Tuesday night’s NCAA women’s basketball championship game at Conseco Fieldhouse in Indianapolis would seem destined to pack the house.
After its upset of the heavily favored University of Connecticut, the University of Notre Dame is looking to claim the title against fellow underdog Texas A&M, which beat Stanford on Sunday. The matchup features a home-state hero in Notre Dame, which should help put more fans in the seats.
Those familiar with women’s basketball, however, say the game isn’t likely to be a sellout. As of Tuesday morning, tickets priced at $87.50 each were still available at the Conseco Fieldhouse box office for the 8:43 p.m. contest.
Despite having an in-state team in the Final Four and only 18,500 seats to fill, attendance at Conseco Fieldhouse was sparse Sunday for the semifinal round, with a total of 16,421 attending the two-game session.

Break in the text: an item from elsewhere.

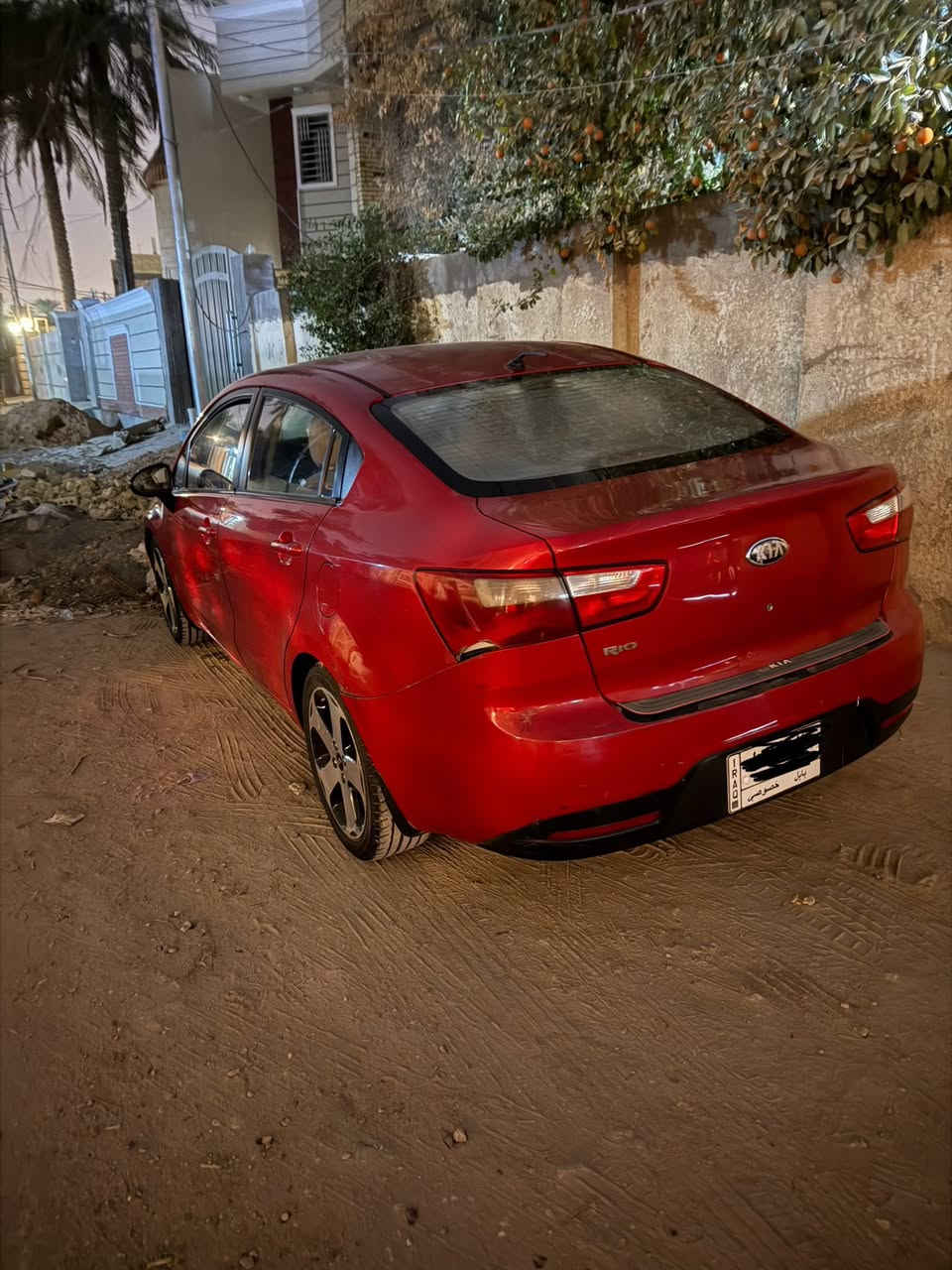 السلام عليكم كيا ريو وارد خليجي 2013 رقم بابل باسمي  سنوية صالحة السيارة مكفولة من اي ضرر المواصفات ويل كب وشاشة وكامرة  السعر 83 وبي مجال مكاني بابل الحلة 
للاستفسار ***********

Christine Brennan, a sports columnist for USA Today and president of the Association for Women in Sports Media, said Tuesday night’s matchup could look even more barren because the favorites have been eliminated. Most of the fans and officials from UConn and Stanford as well as the media personnel covering those teams have likely headed for home.
“There will be spots all along press row where newspaper reporters have gone home,” she predicted at a panel discussion about women’s basketball at IUPUI on Monday.
The game will need to be a sellout to avoid being one of the least-attended title games since the turn of the century. Every championship game since 2000 has drawn at least 18,211 fans. Last year’s title tilt in San Antonio drew 22,936, the biggest crowd in five years. The semifinals drew 25,817.
Indianapolis has seen big crowds for women's basketball in the past. More than 28,000 fans saw the title game at the RCA Dome in 2005.
The NCAA said attendance of regional rounds for this year’s women’s tournament was up 65 percent from last year, but the crowd at Conseco on Sunday shows there is still a big gap between the popularity of women’s and men’s basketball.
The men’s Final Four, which concluded in Houston Monday night, drew a record 145,797 to three games, with 75,412 on hand for Monday’s final game.
Basketball remains the NCAA’s most popular women’s sport, but fans have been more selective in shelling out money for tickets in the wake of the recession.
Experts say the economy also took a toll on media coverage. As newspapers downsized, so did coverage for many teams. For newspaper sports desks, less-popular women’s sports beats are often the first to go. Last year’s women’s Final Four drew 100 fewer credentialed media members than it did in 2008.
Universities remain committed to keeping the sport a high-profile part of their athletic programs even though it’s a money-losing proposition. Bloomberg News noted that 53 public institutions across the six largest NCAA conferences reported big losses on women’s basketball in the past fiscal year.
College athletic directors often operate in the red with most sports, relying on revenue from football and men’s basketball to fund their operations. Women’s basketball is no exception, but its costs are significantly higher because of the nature of the sport, said Fred Glass, director of athletics for Indiana University.
“By and large, while there’s some exceptions at different places, women’s basketball is widely seen as one of the most prominent women’s sports,” Glass said. “It’s certainly treated that way by the NCAA. It sometimes carries the flag for women’s sports more broadly. That makes it significant.”
Glass, who runs a department of 24 varsity sports, said he does not sacrifice competitiveness in one sport for competitiveness in another. This makes some financial costs unavoidable. While women’s volleyball is comparable in revenue to the Hoosier women’s basketball program, the costs are very different.
“Coaches in women’s basketball tend to be more expensive than coaches in other women’s sports and coaches in other men’s sports as well, but we want to be competitive there,” he said. “Basketball is clearly more expensive and probably costs us more than any other women’s sport.”